Scully given presidential medal for ACE work
Nora Kenney | Thursday, January 22, 2009
Sitting in his office last semester, Fr. Tim Scully, received an interesting phone call – from the White House.
A member of President George W. Bush’s staff called to inform Scully he had been chosen as a recipient of the Presidential Citizens Medal.
“I was struck by complete surprise,” Scully said.
He went to Washington, D.C. on Dec. 10 to receive the award, one of the highest medals a civilian can receive in the United States, second only to the Medal of Freedom.
According to the White House, the award is given in recognition of the recipient’s “exemplary deeds of service for their country or for their fellow citizens.”
Scully and three of his closest friends – fellow Holy Cross priests – traveled to the nation’s capital together. Fr. Richard Warner, who lives a floor below Scully in Fisher Hall, as well as his longtime friend Fr. Lou DelFra, and Fr. Sean McGraw, a priest at Harvard University with whom Scully co-founded the Alliance for Catholic Education (ACE) program were there with Scully when he received the award.
“The four of us went to the White House and it was very beautiful and just very moving,” Scully said.
At the White House, Bush asked Scully to accompany him to his desk in the Oval Office, where he presented Scully with his medal.
Since graduation from Notre Dame in 1976, Scully has had a profound impact on Notre Dame. He served as executive vice president from 2000 to 2003 and is the current director of the Institute of Educational Initiatives.
One of his endeavors that has most affected the Notre Dame community is the establishment of the ACE Program.
Placing graduates from Notre Dame and other colleges around the country in under-funded Catholic schools, the ACE program has been one of the most influential projects in education.
The inspiration for the program came from Sister Lourdes Sheehan, one of Scully’s spiritual directors, who was worried about Catholic schools in her area of Savannah, Ga., that could not find talented teachers to fill open positions.
Scully was unsure of how to help her, so he put an ad in The Observer that said “Tired of getting homework? Then give some!” That week, he walked into a meeting for the responders to the ad in the Notre Dame room of LaFortune, expecting 12 or 15 people to show up.
“I walked into the room that night and there were 150 graduating seniors from Notre Dame and I thought ‘Wow, that’s just amazing.'”
Scully said he felt this was an indication that the Holy Spirit was asking him to think bigger than just a program in Savannah. Today, he has developed the program to include well over 1,000 young teachers in 33 communities in the U.S., as well as a program for principals and a consulting firm for at-risk Catholic schools.
The ACE program has come a long way since its first budget of two $5,000 checks from then-University President Father Edward “Monk” Malloy’s office, he said.
“The Holy Spirit really wanted this to happen and ACE has become kind of a juggernaut. The Holy Spirit has really been bouncing off the walls with this thing, and I think she is just getting started,” Scully said.
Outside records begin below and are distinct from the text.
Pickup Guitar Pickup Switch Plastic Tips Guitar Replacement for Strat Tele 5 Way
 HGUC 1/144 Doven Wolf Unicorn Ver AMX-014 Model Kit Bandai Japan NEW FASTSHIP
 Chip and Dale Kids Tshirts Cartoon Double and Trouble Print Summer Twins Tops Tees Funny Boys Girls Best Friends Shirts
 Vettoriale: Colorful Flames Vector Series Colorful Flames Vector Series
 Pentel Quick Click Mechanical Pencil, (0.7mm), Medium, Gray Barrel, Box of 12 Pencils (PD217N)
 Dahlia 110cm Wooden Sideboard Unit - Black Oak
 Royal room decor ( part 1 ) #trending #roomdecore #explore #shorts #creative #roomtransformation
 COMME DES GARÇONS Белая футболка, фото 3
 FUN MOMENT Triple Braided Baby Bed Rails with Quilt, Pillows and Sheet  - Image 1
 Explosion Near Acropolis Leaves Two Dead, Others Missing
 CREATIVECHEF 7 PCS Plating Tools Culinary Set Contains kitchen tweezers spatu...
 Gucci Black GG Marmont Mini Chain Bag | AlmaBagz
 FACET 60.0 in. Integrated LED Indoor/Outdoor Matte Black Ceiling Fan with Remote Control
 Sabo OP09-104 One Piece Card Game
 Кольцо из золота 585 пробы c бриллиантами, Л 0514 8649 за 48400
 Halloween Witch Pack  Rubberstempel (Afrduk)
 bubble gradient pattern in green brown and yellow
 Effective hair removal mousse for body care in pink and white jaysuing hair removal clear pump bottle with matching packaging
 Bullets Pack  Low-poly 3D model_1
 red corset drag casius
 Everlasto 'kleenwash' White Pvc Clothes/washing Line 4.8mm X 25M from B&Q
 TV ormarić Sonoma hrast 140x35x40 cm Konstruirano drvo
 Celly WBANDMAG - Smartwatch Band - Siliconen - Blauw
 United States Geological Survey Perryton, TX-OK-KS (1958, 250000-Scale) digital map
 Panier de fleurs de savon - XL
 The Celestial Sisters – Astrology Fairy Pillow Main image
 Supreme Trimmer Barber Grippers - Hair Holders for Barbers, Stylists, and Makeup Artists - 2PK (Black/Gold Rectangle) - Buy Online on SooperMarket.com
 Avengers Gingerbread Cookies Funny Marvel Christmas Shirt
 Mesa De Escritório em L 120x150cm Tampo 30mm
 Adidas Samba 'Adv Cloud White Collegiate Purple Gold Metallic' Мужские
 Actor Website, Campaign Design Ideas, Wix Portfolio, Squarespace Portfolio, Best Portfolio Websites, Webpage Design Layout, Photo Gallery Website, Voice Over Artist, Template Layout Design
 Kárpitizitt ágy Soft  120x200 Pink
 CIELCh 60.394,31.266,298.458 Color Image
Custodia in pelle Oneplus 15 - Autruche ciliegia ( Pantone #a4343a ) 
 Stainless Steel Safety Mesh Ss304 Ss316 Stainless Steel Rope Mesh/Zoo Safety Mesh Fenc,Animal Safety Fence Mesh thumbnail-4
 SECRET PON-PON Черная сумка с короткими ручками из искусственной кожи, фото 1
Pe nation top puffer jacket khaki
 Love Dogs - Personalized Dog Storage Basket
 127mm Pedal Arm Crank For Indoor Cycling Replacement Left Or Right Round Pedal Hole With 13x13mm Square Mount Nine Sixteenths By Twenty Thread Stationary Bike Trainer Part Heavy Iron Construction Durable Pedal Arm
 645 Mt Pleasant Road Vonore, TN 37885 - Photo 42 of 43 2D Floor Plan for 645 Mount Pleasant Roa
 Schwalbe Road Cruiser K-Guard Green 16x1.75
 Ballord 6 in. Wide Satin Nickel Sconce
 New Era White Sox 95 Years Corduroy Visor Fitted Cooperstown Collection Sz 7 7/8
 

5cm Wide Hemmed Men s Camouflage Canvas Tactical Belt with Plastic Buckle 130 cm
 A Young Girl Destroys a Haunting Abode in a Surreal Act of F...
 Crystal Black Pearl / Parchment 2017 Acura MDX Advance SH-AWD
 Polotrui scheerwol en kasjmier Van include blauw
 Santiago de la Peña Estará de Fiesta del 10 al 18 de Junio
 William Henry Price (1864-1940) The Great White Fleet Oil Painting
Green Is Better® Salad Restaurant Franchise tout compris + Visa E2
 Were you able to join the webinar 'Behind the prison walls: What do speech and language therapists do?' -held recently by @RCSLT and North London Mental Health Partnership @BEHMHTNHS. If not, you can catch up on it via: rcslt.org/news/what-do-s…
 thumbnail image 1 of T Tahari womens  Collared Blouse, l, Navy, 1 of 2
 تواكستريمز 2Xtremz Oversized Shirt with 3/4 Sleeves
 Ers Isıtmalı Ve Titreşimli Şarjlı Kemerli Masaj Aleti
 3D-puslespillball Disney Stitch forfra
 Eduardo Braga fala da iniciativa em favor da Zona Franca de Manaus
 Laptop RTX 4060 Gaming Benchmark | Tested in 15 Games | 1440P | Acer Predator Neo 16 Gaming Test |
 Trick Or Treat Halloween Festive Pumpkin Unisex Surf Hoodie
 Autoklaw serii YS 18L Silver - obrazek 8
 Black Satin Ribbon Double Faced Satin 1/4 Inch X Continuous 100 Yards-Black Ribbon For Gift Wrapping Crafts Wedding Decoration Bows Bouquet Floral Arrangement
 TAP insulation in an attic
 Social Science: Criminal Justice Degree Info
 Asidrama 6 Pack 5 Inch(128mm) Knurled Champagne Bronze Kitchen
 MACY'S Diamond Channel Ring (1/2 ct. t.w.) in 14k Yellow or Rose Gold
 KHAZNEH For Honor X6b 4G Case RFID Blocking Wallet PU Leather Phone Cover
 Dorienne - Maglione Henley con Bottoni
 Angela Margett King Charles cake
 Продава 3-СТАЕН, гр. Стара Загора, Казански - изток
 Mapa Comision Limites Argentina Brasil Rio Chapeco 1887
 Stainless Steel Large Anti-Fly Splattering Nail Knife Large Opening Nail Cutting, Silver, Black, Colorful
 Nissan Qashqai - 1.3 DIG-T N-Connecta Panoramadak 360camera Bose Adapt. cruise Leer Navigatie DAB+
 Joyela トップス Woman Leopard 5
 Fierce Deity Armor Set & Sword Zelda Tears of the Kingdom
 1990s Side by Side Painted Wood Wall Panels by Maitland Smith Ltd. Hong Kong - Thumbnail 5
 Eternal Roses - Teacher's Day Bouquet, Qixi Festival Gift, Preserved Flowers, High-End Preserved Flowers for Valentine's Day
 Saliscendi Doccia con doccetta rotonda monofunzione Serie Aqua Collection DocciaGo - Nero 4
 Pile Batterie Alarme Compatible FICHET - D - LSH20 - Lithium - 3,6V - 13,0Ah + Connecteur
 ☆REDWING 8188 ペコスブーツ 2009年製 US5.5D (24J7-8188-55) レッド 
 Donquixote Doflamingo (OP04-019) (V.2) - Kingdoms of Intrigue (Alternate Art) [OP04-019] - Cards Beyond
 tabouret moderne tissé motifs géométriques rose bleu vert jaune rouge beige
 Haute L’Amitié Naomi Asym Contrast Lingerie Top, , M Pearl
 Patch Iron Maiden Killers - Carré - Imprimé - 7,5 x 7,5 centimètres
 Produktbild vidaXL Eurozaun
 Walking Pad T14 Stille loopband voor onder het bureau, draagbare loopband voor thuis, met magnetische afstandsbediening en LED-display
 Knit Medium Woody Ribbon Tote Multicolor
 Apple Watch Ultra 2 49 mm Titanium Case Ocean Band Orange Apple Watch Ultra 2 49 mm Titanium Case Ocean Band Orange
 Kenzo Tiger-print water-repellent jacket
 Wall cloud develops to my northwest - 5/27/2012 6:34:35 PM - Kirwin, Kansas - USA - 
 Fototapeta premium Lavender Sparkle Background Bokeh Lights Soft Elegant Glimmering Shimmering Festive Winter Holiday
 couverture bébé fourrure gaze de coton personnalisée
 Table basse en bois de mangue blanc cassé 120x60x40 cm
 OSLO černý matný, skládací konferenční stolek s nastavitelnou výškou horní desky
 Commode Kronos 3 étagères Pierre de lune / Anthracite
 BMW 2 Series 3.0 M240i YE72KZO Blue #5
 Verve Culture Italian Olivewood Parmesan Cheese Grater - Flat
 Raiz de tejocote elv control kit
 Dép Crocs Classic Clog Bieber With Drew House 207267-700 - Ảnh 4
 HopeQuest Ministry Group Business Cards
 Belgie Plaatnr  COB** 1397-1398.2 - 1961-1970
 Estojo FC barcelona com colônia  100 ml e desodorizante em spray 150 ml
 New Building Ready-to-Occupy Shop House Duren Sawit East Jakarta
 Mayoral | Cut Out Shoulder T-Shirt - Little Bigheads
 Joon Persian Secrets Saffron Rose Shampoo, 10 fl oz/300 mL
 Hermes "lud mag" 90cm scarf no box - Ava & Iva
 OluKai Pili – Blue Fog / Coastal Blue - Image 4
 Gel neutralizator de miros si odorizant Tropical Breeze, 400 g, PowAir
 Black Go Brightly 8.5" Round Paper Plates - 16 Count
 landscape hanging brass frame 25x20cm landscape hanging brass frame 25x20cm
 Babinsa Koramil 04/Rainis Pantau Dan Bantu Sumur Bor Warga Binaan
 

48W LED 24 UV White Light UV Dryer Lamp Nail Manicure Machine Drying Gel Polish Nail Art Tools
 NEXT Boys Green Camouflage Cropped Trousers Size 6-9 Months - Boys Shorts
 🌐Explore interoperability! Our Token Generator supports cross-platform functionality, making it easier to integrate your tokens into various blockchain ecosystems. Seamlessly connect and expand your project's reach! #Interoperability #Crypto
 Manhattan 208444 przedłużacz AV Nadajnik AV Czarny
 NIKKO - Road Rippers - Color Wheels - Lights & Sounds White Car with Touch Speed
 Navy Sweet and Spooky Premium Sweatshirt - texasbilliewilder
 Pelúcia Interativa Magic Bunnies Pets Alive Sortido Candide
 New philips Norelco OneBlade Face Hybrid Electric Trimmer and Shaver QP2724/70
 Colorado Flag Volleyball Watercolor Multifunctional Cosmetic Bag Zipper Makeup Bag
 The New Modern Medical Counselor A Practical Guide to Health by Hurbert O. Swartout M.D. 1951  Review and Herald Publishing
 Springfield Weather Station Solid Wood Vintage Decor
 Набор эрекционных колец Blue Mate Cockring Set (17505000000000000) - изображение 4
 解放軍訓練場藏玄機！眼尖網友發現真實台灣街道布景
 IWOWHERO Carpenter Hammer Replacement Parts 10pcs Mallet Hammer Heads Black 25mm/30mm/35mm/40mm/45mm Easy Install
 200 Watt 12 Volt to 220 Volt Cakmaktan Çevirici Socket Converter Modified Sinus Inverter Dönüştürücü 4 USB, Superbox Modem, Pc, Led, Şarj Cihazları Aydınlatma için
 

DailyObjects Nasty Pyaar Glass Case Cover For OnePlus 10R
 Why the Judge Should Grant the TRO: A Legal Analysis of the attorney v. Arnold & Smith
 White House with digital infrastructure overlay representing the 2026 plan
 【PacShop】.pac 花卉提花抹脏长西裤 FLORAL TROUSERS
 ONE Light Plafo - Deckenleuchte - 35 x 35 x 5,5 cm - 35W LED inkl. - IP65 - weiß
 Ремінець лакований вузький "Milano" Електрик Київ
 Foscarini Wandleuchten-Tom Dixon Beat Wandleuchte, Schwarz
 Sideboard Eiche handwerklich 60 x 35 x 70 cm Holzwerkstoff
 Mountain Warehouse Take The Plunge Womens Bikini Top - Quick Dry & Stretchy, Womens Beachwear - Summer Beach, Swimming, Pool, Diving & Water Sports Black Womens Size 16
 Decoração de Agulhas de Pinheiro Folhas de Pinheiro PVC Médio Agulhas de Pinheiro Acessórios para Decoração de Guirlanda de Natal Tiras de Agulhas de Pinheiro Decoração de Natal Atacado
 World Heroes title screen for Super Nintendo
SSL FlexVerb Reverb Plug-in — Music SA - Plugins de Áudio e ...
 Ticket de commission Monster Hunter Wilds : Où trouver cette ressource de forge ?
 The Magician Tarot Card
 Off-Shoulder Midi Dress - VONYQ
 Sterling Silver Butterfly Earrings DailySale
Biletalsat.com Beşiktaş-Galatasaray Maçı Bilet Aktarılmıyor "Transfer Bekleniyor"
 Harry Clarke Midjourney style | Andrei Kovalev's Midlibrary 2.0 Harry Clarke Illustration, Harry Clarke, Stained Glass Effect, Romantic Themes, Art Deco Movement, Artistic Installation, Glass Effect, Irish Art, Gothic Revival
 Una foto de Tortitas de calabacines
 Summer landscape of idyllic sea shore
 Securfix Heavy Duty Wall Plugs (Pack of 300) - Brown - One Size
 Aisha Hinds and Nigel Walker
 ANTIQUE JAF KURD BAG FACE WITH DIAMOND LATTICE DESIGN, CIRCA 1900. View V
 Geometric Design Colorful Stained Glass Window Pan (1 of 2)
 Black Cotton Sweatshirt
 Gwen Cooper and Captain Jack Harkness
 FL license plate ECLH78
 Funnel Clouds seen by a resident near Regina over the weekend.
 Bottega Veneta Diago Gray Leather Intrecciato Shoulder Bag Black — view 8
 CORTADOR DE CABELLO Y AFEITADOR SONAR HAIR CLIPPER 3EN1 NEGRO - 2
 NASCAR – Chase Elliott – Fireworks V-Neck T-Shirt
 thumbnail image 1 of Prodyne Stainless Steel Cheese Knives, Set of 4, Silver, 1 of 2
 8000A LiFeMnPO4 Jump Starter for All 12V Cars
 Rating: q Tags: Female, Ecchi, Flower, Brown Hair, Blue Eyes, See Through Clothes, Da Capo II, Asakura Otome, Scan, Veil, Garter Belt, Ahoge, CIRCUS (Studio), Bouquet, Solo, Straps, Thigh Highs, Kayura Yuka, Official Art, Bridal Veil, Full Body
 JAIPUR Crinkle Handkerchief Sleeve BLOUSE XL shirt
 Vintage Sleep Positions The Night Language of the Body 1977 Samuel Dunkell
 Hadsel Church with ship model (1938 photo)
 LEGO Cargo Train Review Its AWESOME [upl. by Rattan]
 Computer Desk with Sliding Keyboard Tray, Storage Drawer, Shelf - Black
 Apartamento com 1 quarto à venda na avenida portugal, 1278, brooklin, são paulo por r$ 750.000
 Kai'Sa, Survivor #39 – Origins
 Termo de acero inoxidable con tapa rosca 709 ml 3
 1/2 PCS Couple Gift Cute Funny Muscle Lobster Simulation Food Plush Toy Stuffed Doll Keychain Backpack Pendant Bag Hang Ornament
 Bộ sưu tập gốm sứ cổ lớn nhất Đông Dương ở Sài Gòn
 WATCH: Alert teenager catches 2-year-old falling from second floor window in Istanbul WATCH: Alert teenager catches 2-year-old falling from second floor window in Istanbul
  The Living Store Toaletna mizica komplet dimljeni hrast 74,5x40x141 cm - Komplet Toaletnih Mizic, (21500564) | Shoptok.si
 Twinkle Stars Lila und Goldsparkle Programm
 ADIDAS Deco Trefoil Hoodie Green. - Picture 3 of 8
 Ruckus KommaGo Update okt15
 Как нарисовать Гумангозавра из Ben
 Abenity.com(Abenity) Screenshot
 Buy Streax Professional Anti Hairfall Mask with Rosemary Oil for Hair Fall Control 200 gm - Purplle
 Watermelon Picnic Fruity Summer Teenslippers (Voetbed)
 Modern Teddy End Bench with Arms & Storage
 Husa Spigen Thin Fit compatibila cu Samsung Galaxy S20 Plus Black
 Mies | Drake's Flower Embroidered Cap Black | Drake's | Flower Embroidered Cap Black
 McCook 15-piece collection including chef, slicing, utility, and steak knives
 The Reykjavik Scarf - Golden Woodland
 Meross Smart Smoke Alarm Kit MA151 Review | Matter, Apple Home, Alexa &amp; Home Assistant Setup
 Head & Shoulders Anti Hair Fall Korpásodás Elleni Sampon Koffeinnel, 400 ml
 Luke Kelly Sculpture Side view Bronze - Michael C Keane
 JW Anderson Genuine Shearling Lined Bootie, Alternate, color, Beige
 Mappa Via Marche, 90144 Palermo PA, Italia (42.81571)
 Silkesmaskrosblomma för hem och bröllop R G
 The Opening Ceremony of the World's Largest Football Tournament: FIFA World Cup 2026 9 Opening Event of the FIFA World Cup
When Scully was asked if receiving the award from the White House was one of his greatest accomplishments, he said that he does not think in the terms of his own achievements.
“If anything, it certainly isn’t a recognition of my life. It’s a recognition of all of the work and the passion and the creativity of the hundreds and hundreds of the young men and women – ND grads – who have been ACE teachers,” he said. “To that extent, I am very proud of their work and their accomplishments. The President was recognizing the work of the ACE teachers and the ACE principals – and Notre Dame. To the extent that it gives glory to Notre Dame and the congregation of Holy Cross, I think [the award] is great.”